EXERCISE INPUTS:
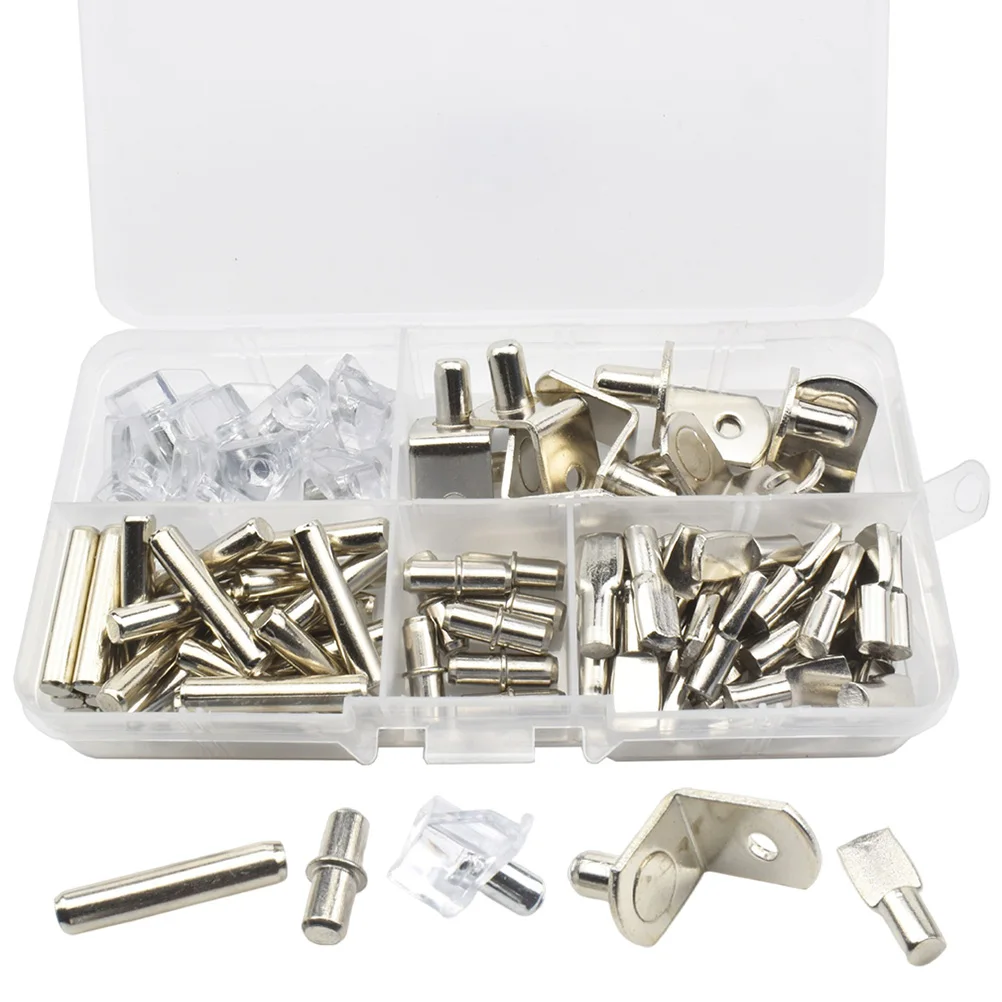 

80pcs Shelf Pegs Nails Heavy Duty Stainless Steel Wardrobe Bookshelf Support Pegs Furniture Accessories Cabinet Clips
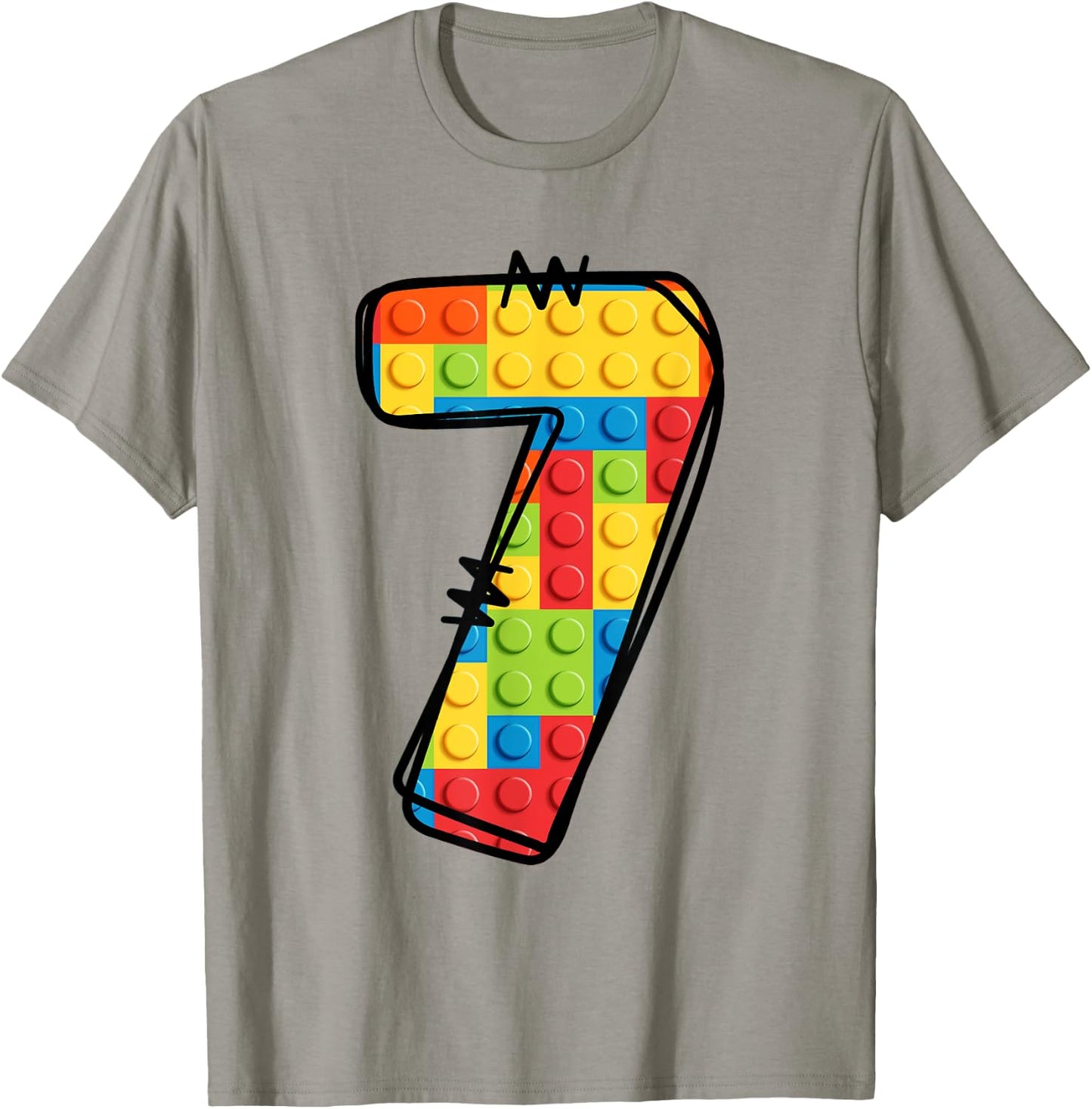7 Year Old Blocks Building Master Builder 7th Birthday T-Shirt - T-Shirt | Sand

---

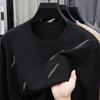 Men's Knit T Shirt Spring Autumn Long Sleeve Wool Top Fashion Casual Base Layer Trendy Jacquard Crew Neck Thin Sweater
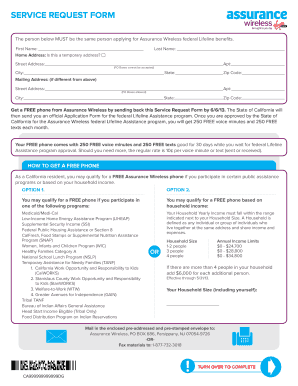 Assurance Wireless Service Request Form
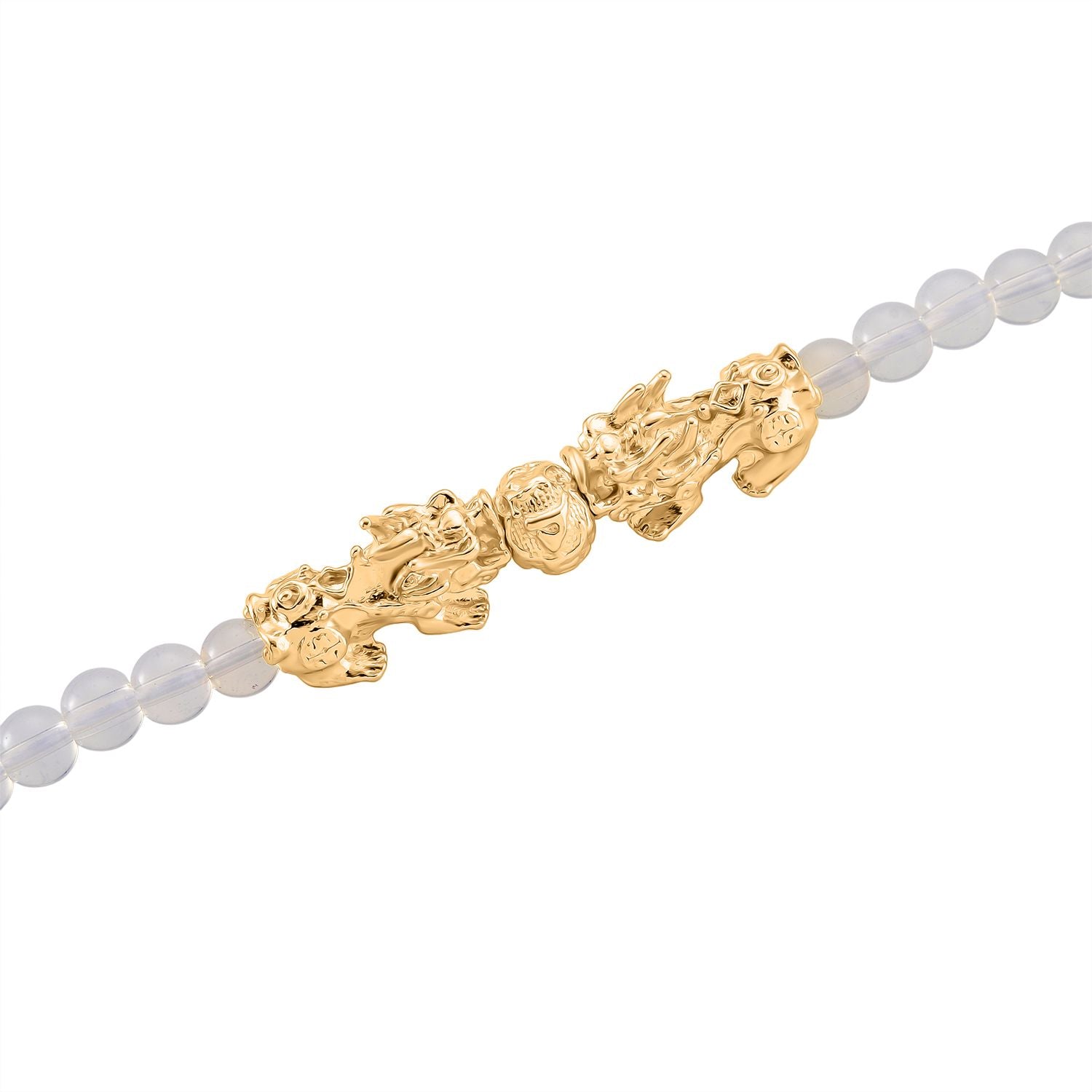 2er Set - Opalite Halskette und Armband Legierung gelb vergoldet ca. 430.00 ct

==

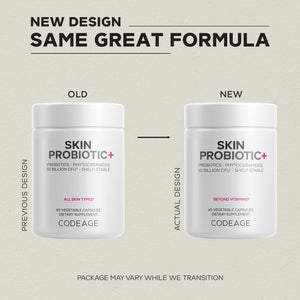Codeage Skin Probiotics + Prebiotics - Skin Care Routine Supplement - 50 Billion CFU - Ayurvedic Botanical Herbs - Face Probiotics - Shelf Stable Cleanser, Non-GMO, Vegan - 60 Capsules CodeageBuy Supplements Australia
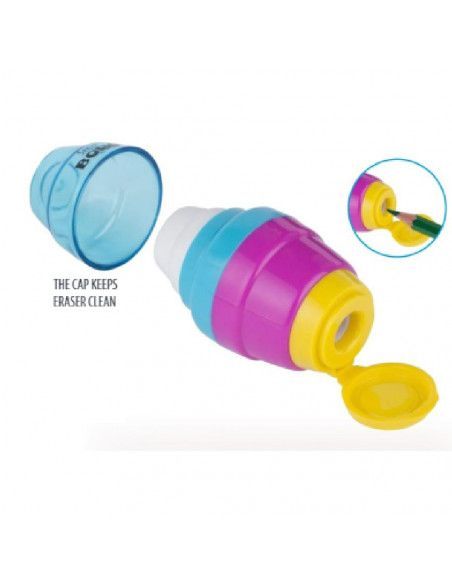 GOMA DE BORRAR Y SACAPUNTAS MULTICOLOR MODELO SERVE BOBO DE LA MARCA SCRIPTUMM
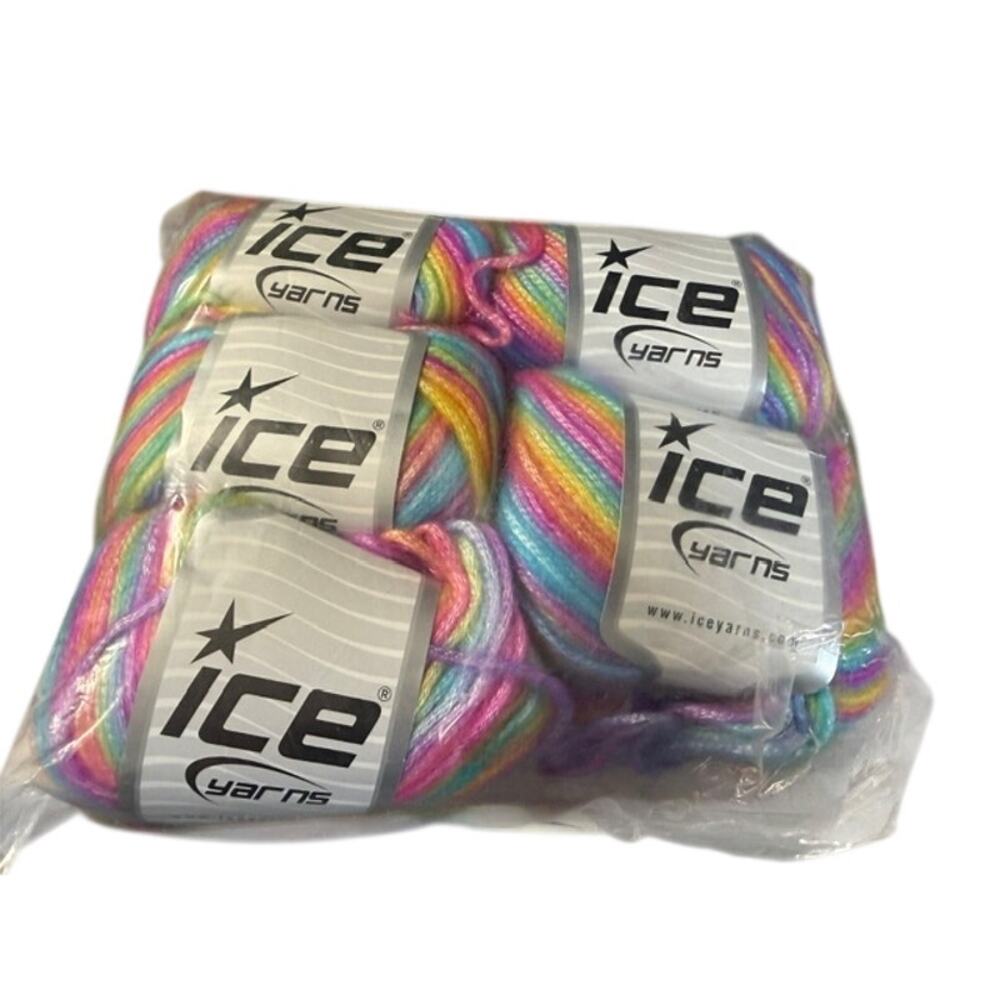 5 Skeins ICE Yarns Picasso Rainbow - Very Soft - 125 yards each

TASK STATEMENT:
Write down exactly what the lines above say, from the line holding "Men's Knit T" through the line holding "2er Set - Opalite", and nothing more. Do not copy the pictures.

REPLY:
 Men's Knit T Shirt Spring Autumn Long Sleeve Wool Top Fashion Casual Base Layer Trendy Jacquard Crew Neck Thin Sweater
 Assurance Wireless Service Request Form
 2er Set - Opalite Halskette und Armband Legierung gelb vergoldet ca. 430.00 ct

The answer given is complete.